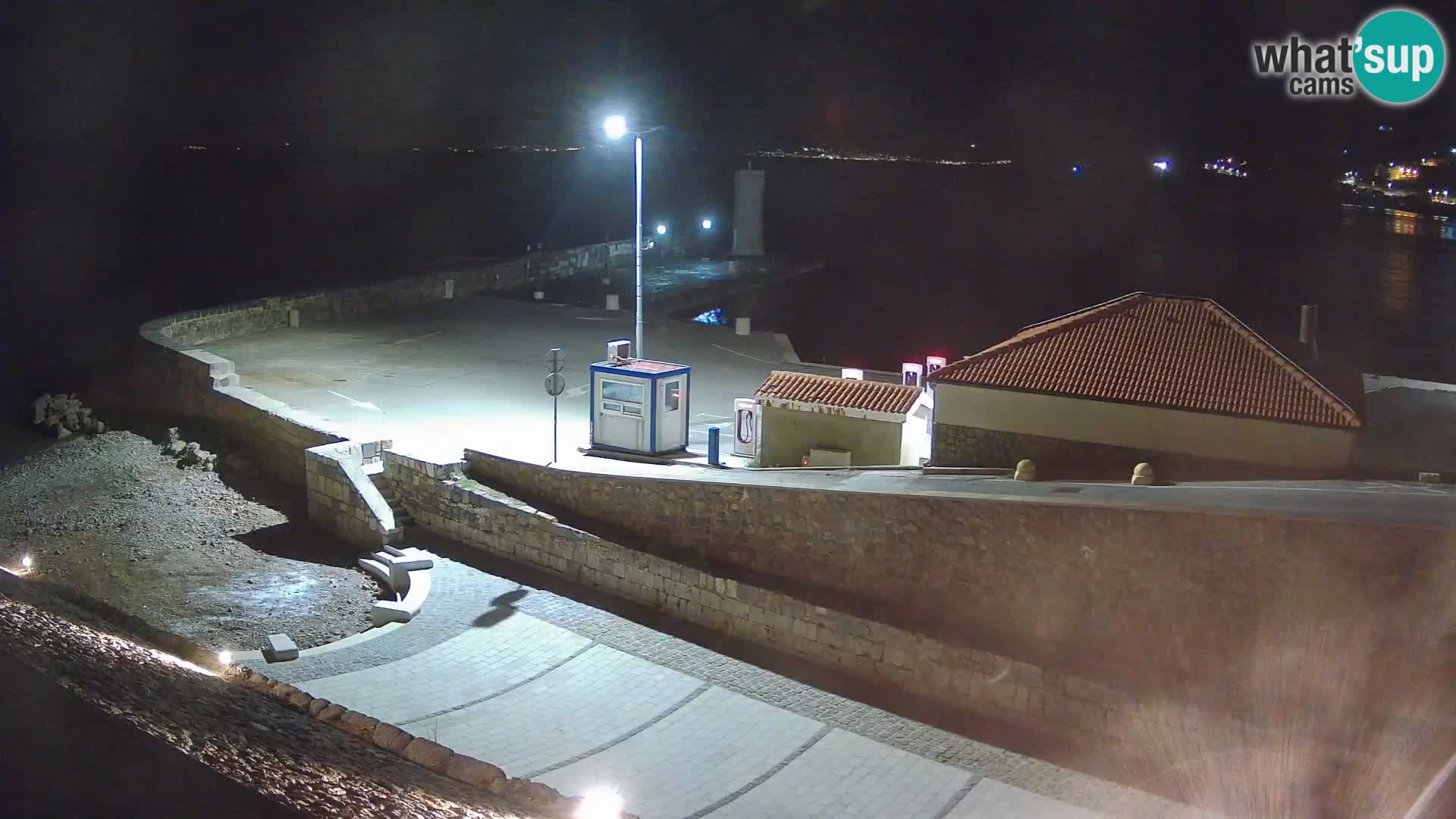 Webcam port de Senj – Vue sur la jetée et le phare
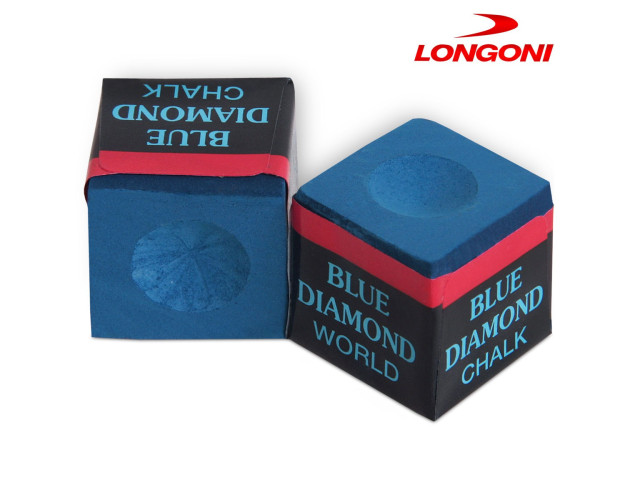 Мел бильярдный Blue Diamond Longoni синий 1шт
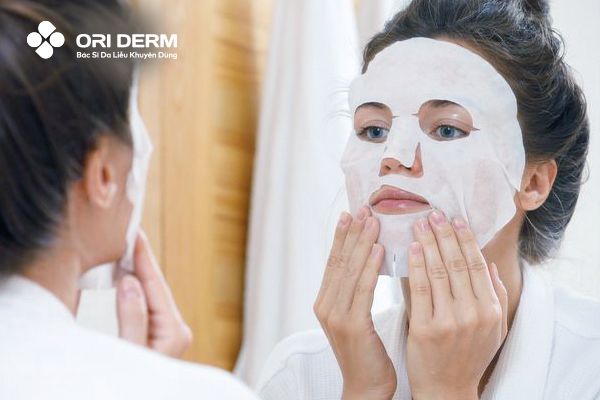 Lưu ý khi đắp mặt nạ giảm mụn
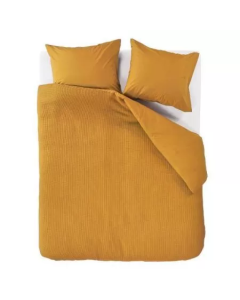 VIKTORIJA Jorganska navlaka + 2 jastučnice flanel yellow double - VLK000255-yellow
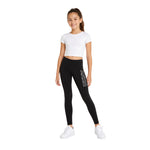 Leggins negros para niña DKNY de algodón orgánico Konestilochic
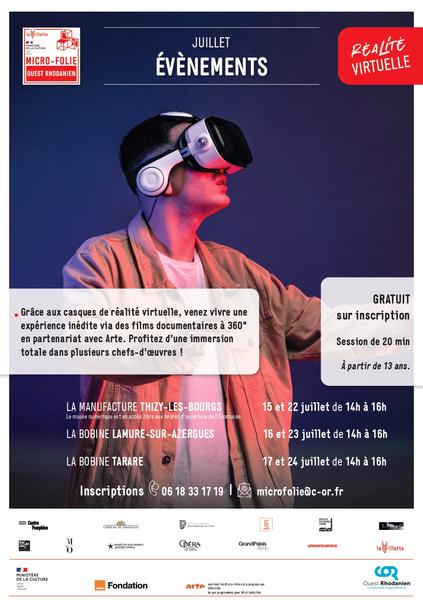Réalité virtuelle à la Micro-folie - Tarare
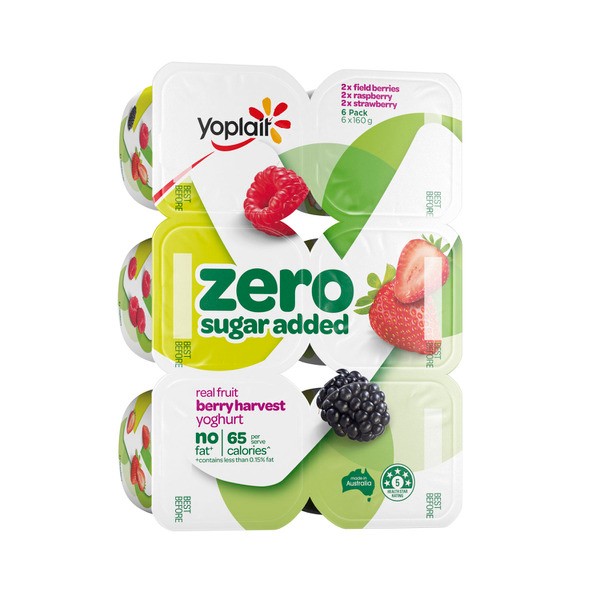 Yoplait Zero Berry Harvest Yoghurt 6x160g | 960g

*Task directions*
Going from the line holding "Мел бильярдный Blue" to the last line of the data above, reproduce every line exactly, both included, with the pictures omitted.

*Answer area*
 Мел бильярдный Blue Diamond Longoni синий 1шт
 Lưu ý khi đắp mặt nạ giảm mụn
 VIKTORIJA Jorganska navlaka + 2 jastučnice flanel yellow double - VLK000255-yellow
 Leggins negros para niña DKNY de algodón orgánico Konestilochic
Réalité virtuelle à la Micro-folie - Tarare
 Yoplait Zero Berry Harvest Yoghurt 6x160g | 960g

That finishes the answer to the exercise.